The new frontier in ID research is on its long-term effects on the genome. Important whole-brain genomic effects observed 6 months after early IDA in the rat include reductions in myelin basic protein expression and microtubule-associated protein-2, which codes for a scaffolding program important for cytoskeletal stability.34 The effects appear to be regional as well. Early IDA acutely altered genes involved in synaptic efficacy, neurotransmitter release, determination of structure, and neurotrophic factors.35 All point to long-term dysregulation of brain processes that are critical for normal adult synaptic plasticity.

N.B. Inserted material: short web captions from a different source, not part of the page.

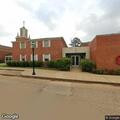 Traffic stop conducted in parking lot near 2nd St, Natchitoches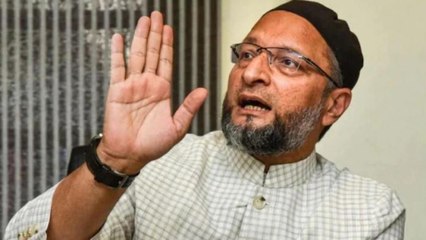 Exclusive interview with Owaisi over Karnataka hijab row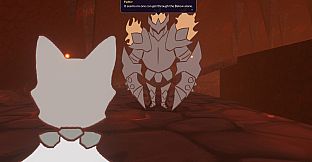 Beloved, Below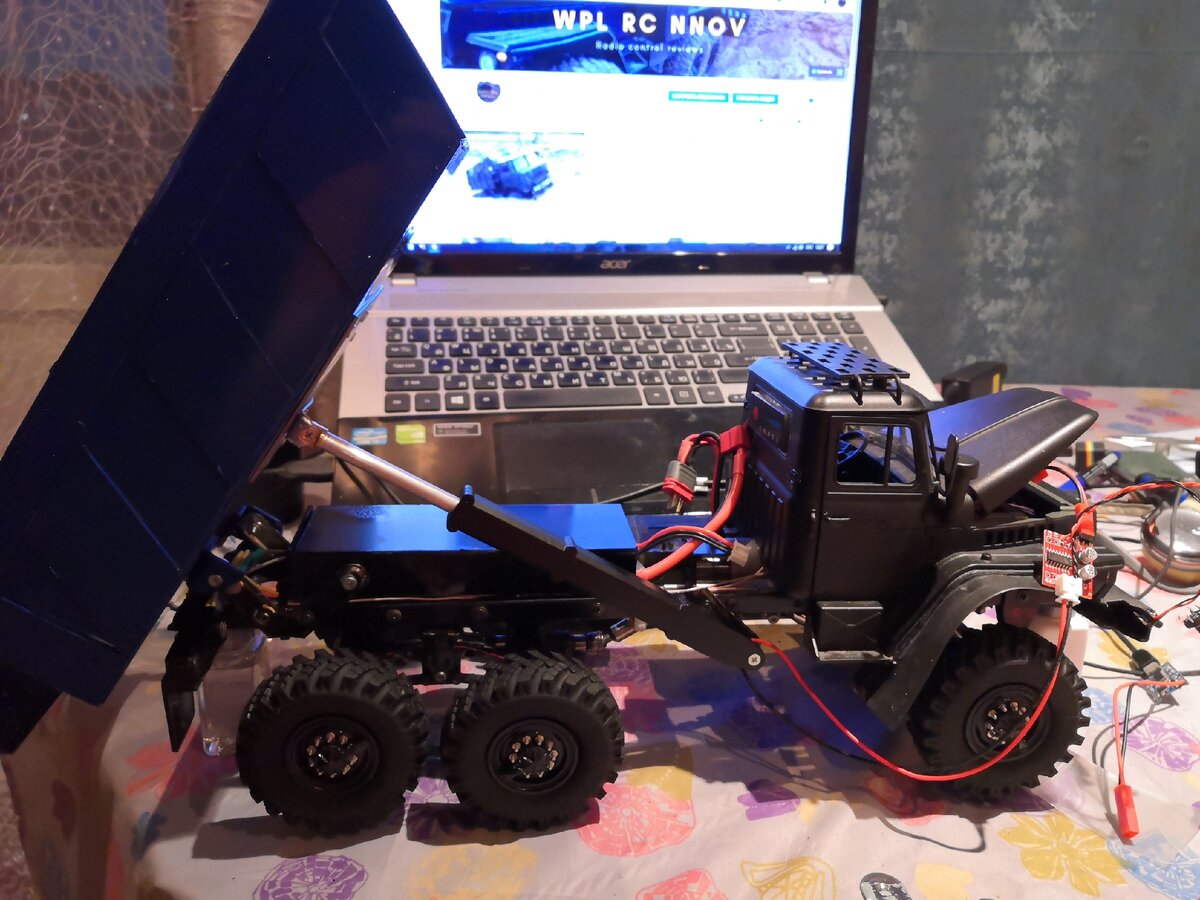 работа полным ходом!!!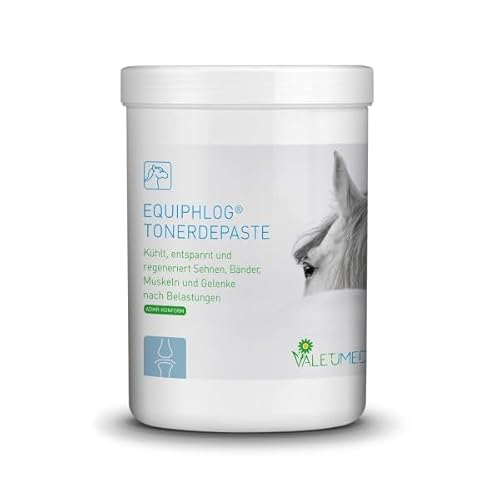 USG - VALETUMED EQUIPHLOG® TONERDEPASTE von EPONA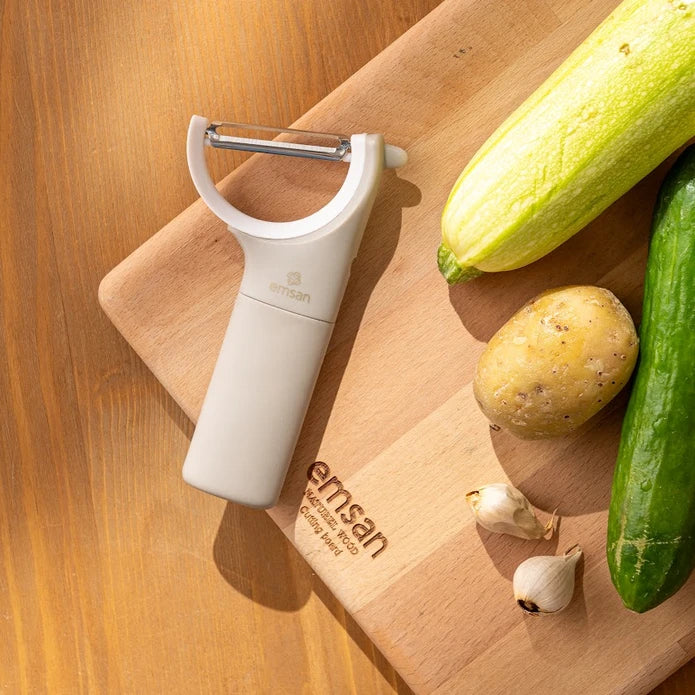 Emsan Soft Peeler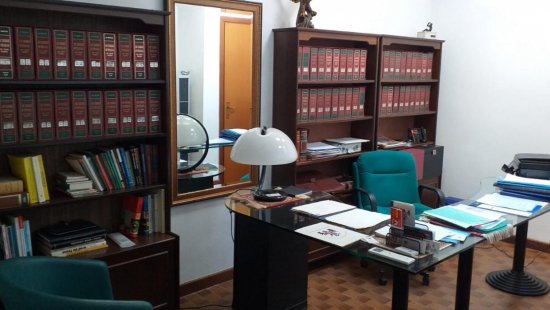 Ufficio in affittoMassa - Centro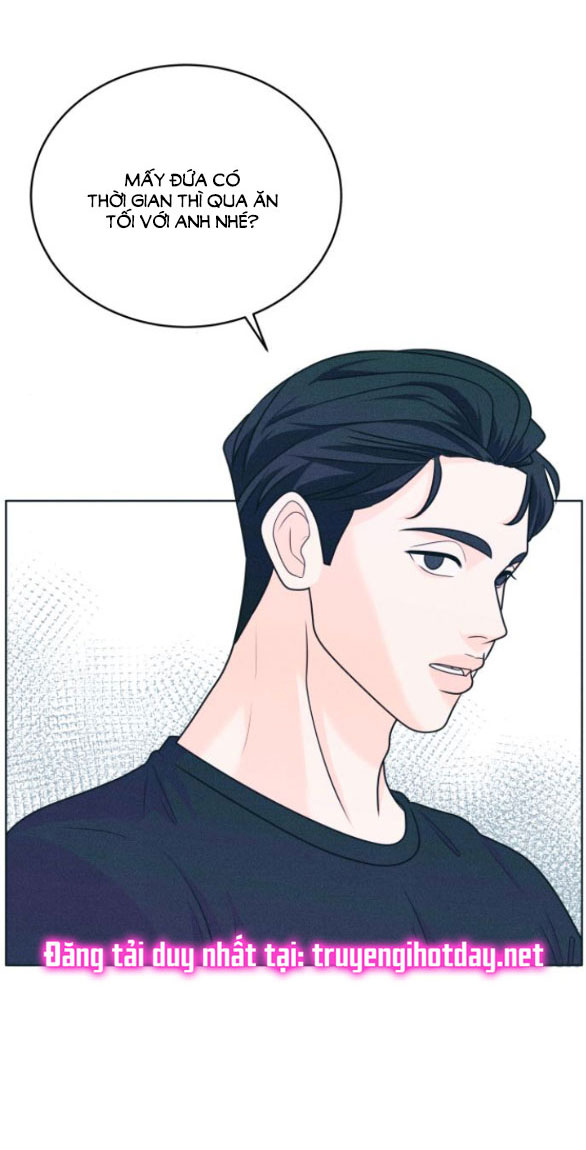 Thiếu Niên Hướng Nội chapter 17.1 - Trang 25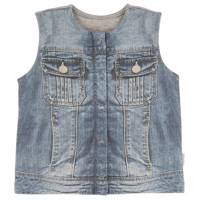 جلیقه نوزادی کیتی کیت مدل 10022 KitiKate 10022 Baby Vest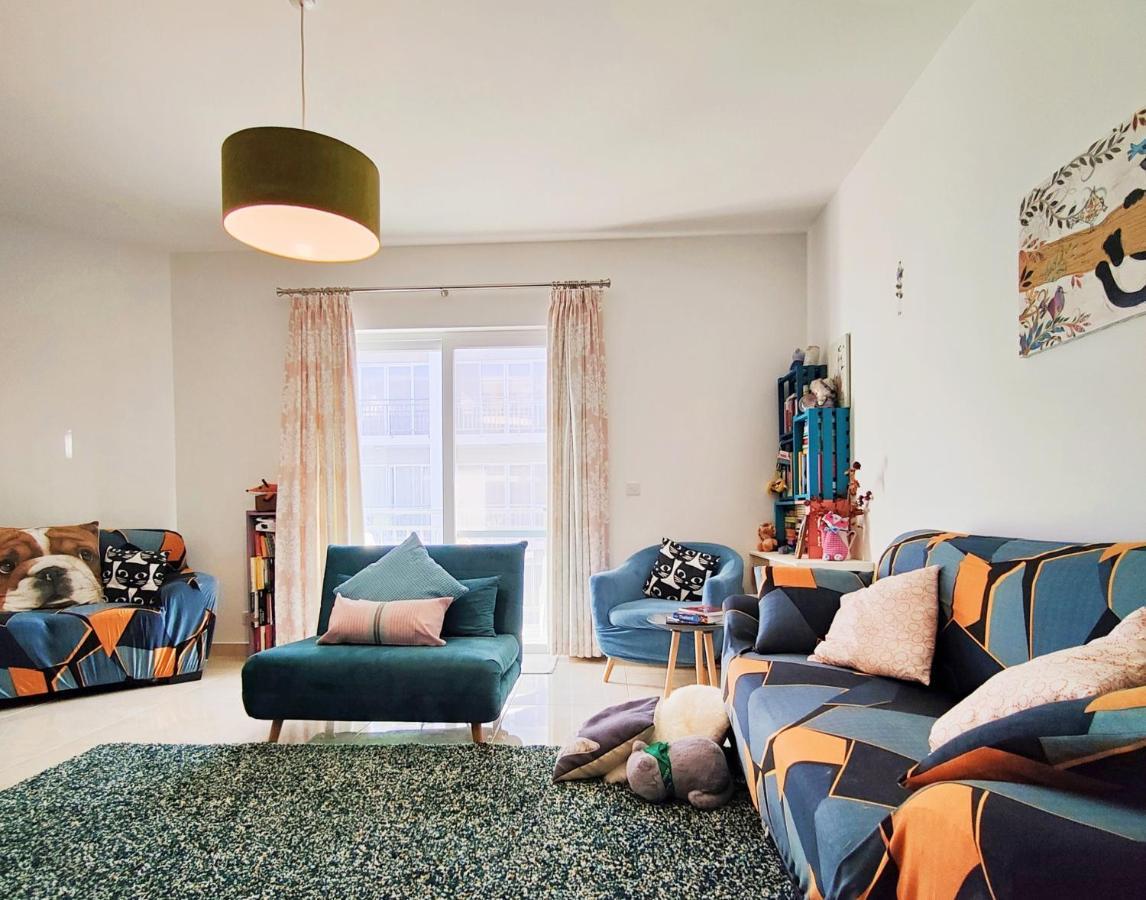 Your Room, Your Apartment, Your Shared Pool Marsalforn Εξωτερικό φωτογραφία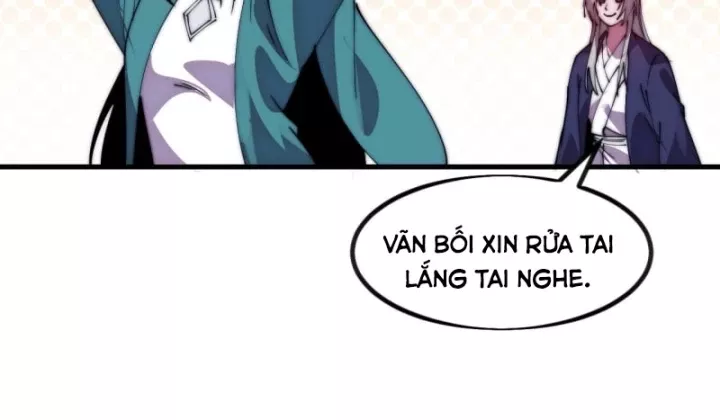 Ta Có Một Sơn Trại: Chapter 1176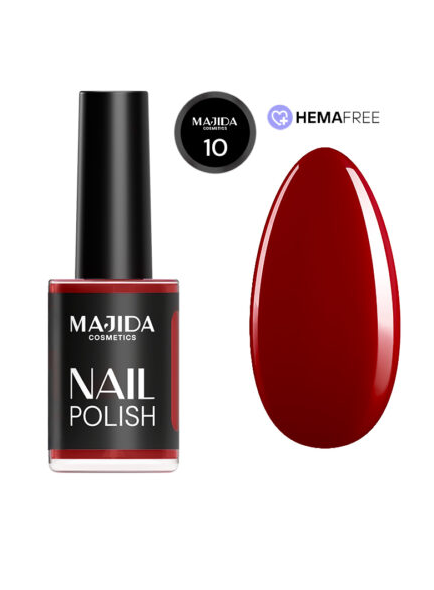 Nail Polish - 10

Finally, although it is convenient to use animal models to isolate specific long-term pathologic processes induced by early ID, abnormal behaviors are ultimately a complex product of the integration of multiple brain processes that work in cooperation or in competition.54 Early ID appears to have differential magnitudes of effect on the various systems involved in cognition, thus potentially disturbing the balance of their relative contributions to normal behavior. Unbalancing of memory systems can be induced by targeted genomic disruption of iron uptake in a single brain region (e.g., hippocampus). When this is done, not only is hippocampal-based recognition memory compromised,53 extra-hippocampal effects in the striatum are seen as well.55 This unbalancing of developing brain systems is thought to potentially underlie later-appearing developmental psychopathologies.56 For example, children born to iron-deficient mothers are more likely to develop schizophrenia later in life in a dose-dependent manner related to the degree of maternal ID.57
A robust parallel literature in humans and animal models strongly supports the premise that early ID causes long-term neurobehavioral abnormalities in spite of relatively prompt diagnosis and treatment. The abnormalities span important neurologic domains, including dopamine metabolism, myelination, and energy metabolism, whose proper function is critical for optimal brain health in adulthood. Adult neurobehavioral dysfunction not only serves as a personal behavioral risk in terms of educational achievement and job placement, it also poses a risk to the following generation.